If Rajamouli had chosen even a known young actor or even a new comer, expectations could have been higher from his film. Hence Sunil was apt choice.
The way Rajamouli portrays each character - the villain, the heroine, the heroine’s cousin, her brothers is impeccable. Once the main conflict is leaked between main characters, any other director would have looked for climax. But Rajamouli takes the audience for a ride in his own way until it becomes convincing and necessary to kick Ramu out of home.
His mark violence is completely reduced. For his trademark slow motion scenes Rajamouli doesn’t need a cinematographer. But that shouldn’t take anything away from Ramprasad, the actual cinematographer, notably in the train song and the cycle chase scenes. Editing is crisp and dialogues are written well, especially between Ramu and Ramineedu. All the other departments did good including set and costumer designers. The visual effects in the song ‘Udyogam Poyindi’ are cool, though one thinks the visual effects in few frames was a tad average.
But last not the least, it is Keeravani who keeps the audience not just engaged, but also has them in splits or sometimes completely silences them with his background music.

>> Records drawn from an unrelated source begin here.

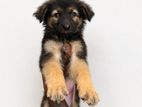German Shepherd Longcoat Puppies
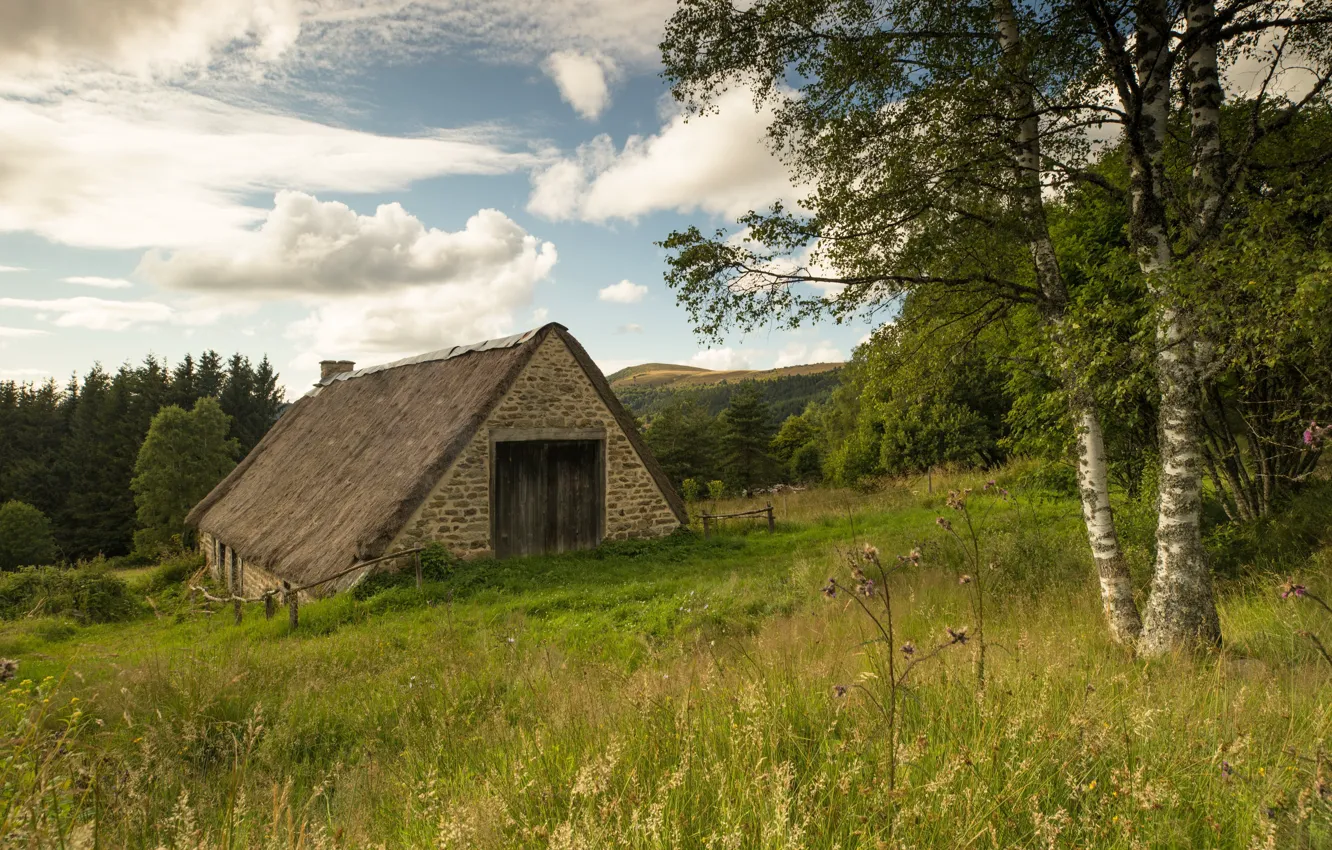 Photo wallpaper summer, the barn, birch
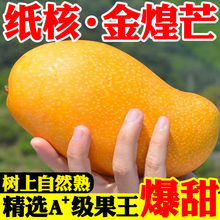 海南金煌芒9斤芒果一级大果新鲜水果现摘青甜心黄皮水仙芒整箱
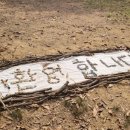 성균관숲유치원 이미지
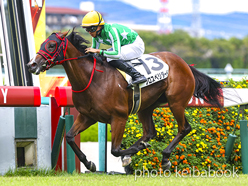 カラーパネル2023年9月17日阪神7R 3歳以上1勝クラス(プロスペリダード)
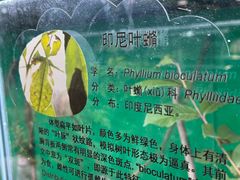 -上海大自然野生昆虫馆(东方明珠·爬宠昆虫探索中心)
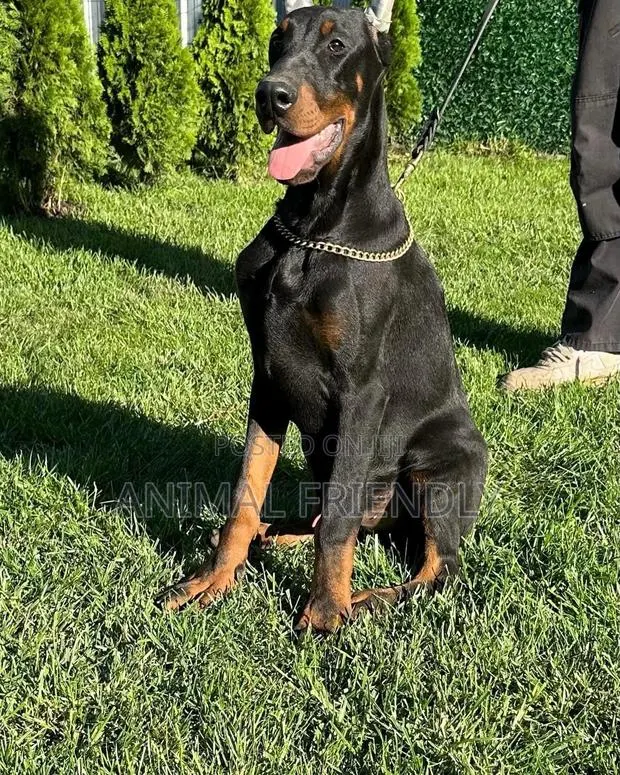 1-3 months Female Purebred Doberman Pinscher · Photo 1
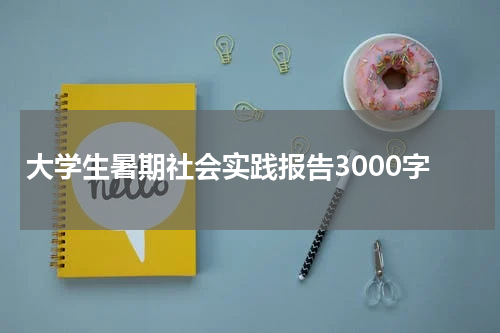 大学生暑期社会实践报告3000字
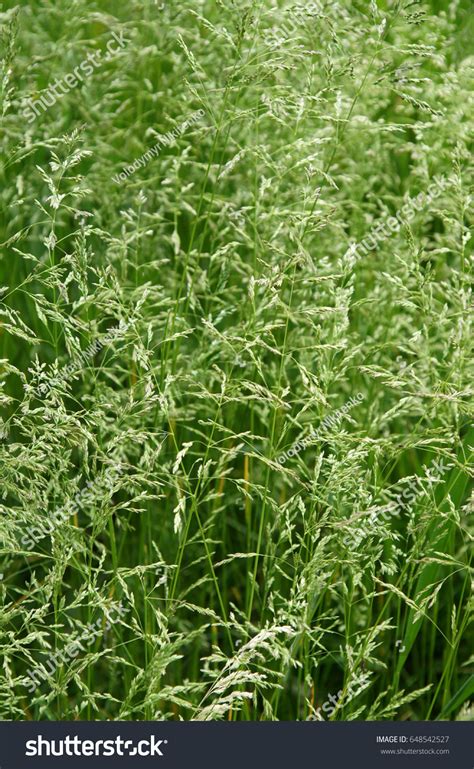 Meadow Grass Tall Fescue Festuca Partensis Stock Photo 648542527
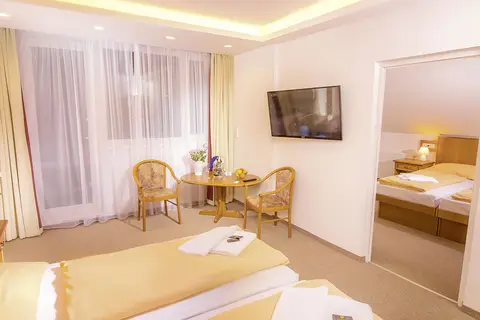 Wellness Hotel Astra in Elsene, foto 4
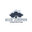Blue Juniper Construction LLC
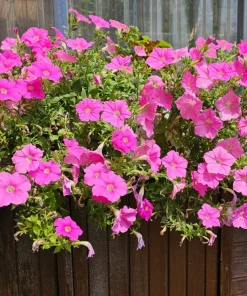 100 Pink Petunia Hybrida Seeds - Pollinator Garden Container Flowers - Image 4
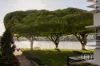 1211/22 Refinery Parade, New Farm, Qld 4005-Image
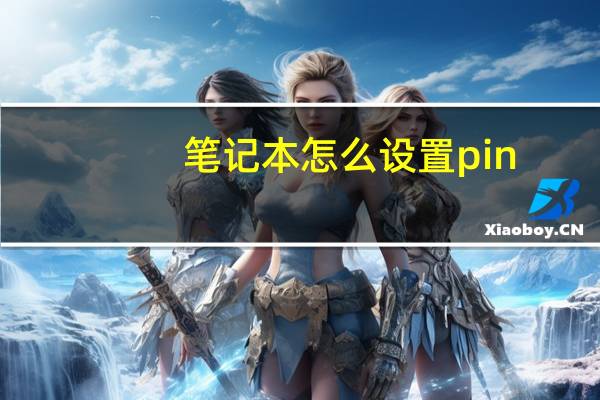 笔记本怎么设置pin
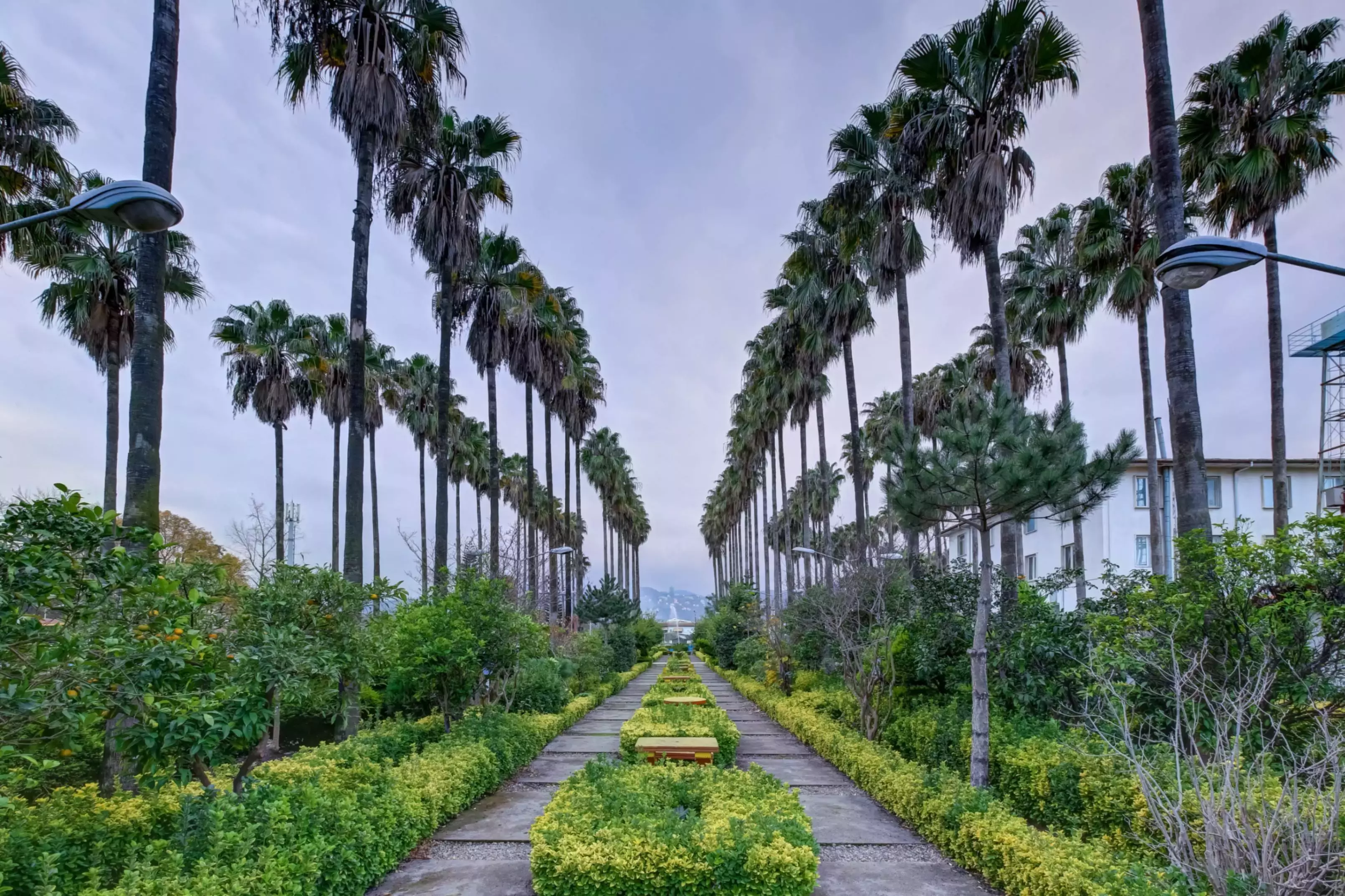 Alibaba https://cdn.alibaba.ir/ostorage/hotel-accommodation-images/68f34a2d42794e78685ebd48_محوطه.webp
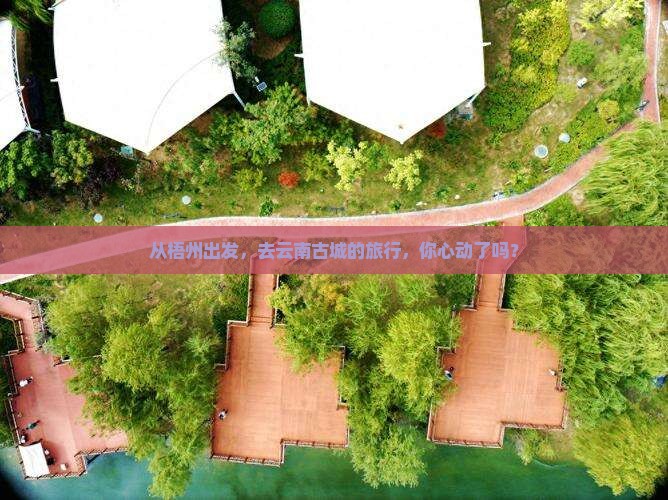 梧州到云南古城旅行社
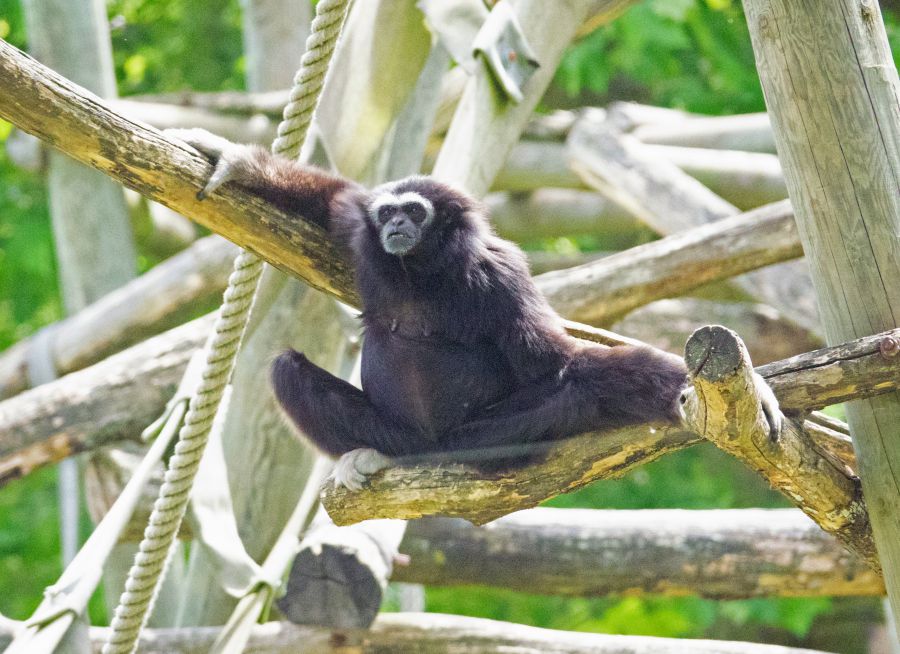 Photo d'un gibbon lar par Pierre-François BOUCHER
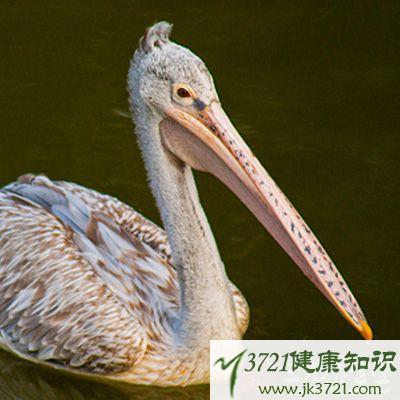 鹈鹕嘴的功效与作用-鹈鹕嘴的图片样子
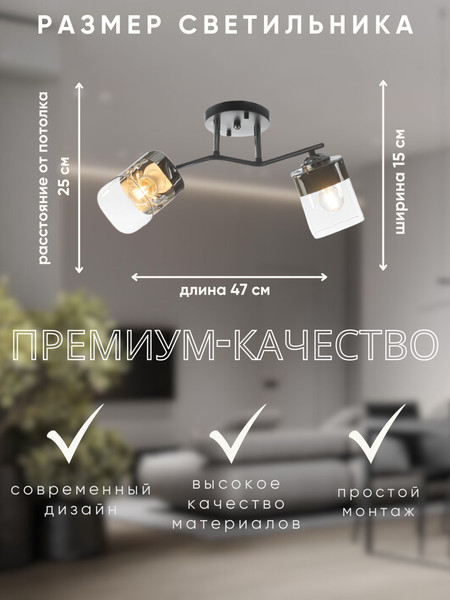 Изображение товара Потолочный светильник Aitin-Pro НПБ 02-2x60-101 / K2117/2 (черный/хром)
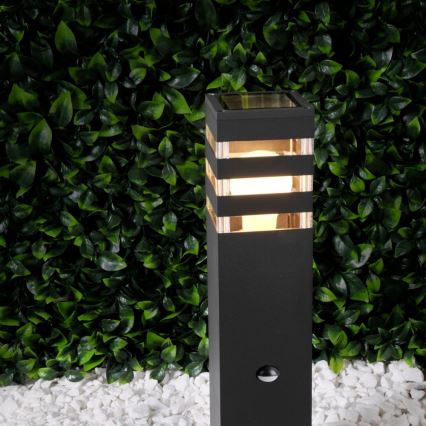 Vanjska lampa sa senzorom TEKSAS 1xE27/12W/230V IP44 44 cm antracit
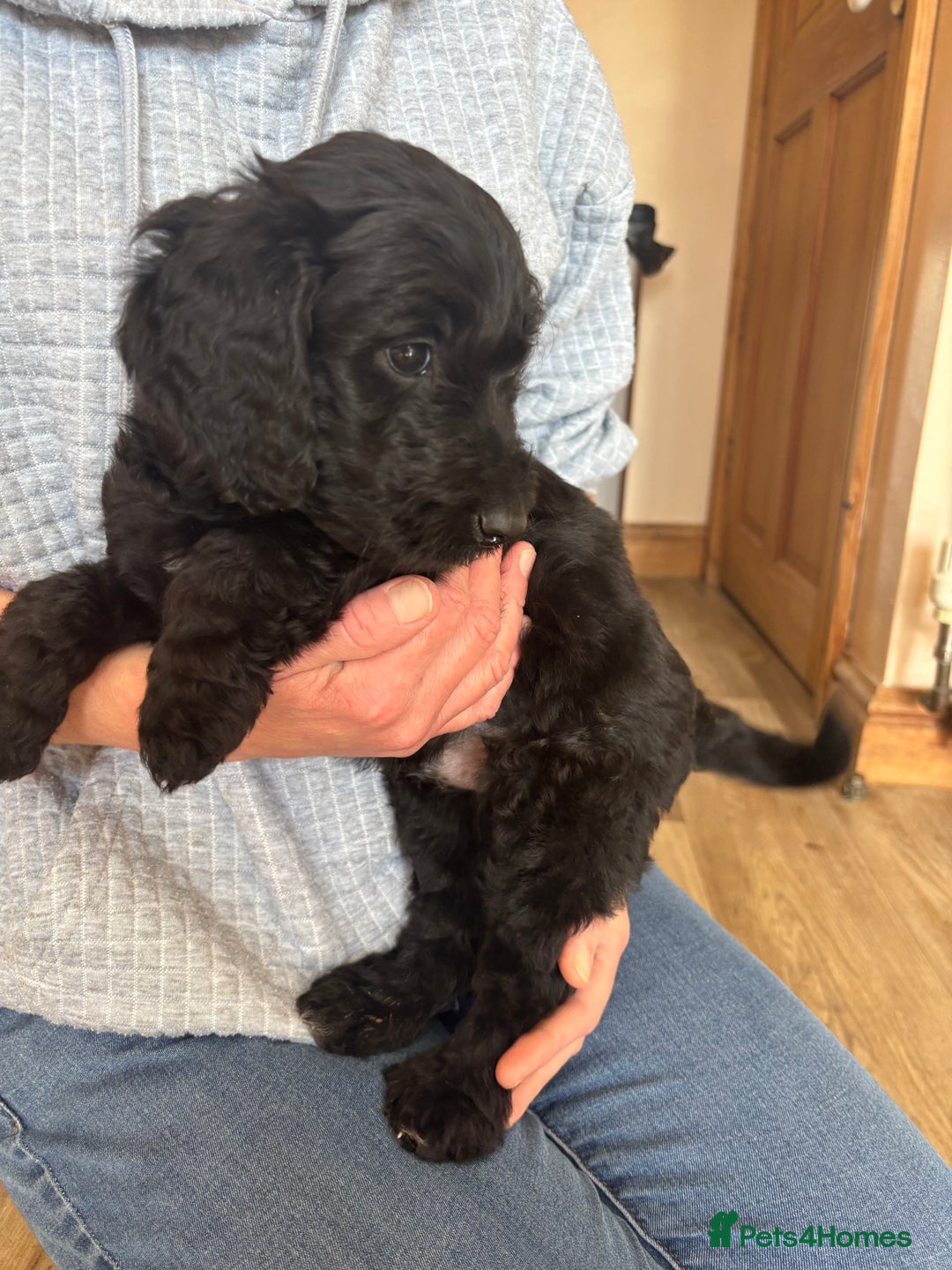 Mixed Breed dogs for sale: Male Australian Labradoodles  - Image 2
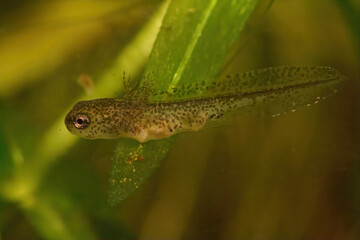 Closeup on a larvae Carpathian newt, Lissotriton montandoni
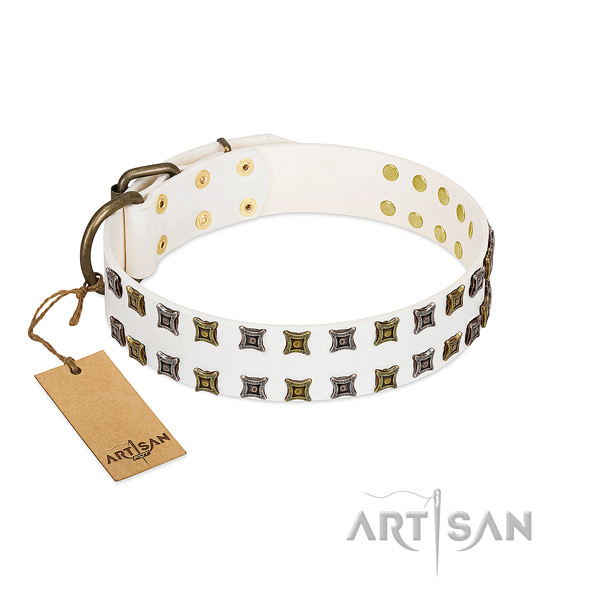 Full grain leather collar with unique studs for your pet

Filmmaking is like cricket, more so for Telugu people. The moment you perform in one innings (read film), the second innings (next film) generates unnecessary hype inspite of having a different story and different demands. Nagarjuna after ‘Annammayya’, Krishna after ‘Alluri Seetarama Raju’ must have realized it the hard way. This is where Rajamouli does well. He can now take the burden of ‘Magadheera’ off his shoulders and yet get a good hit with this film. He can sleep better now. Go watch 'Maryada Ramanna' with your family. This is a good Telugu commercial cinema.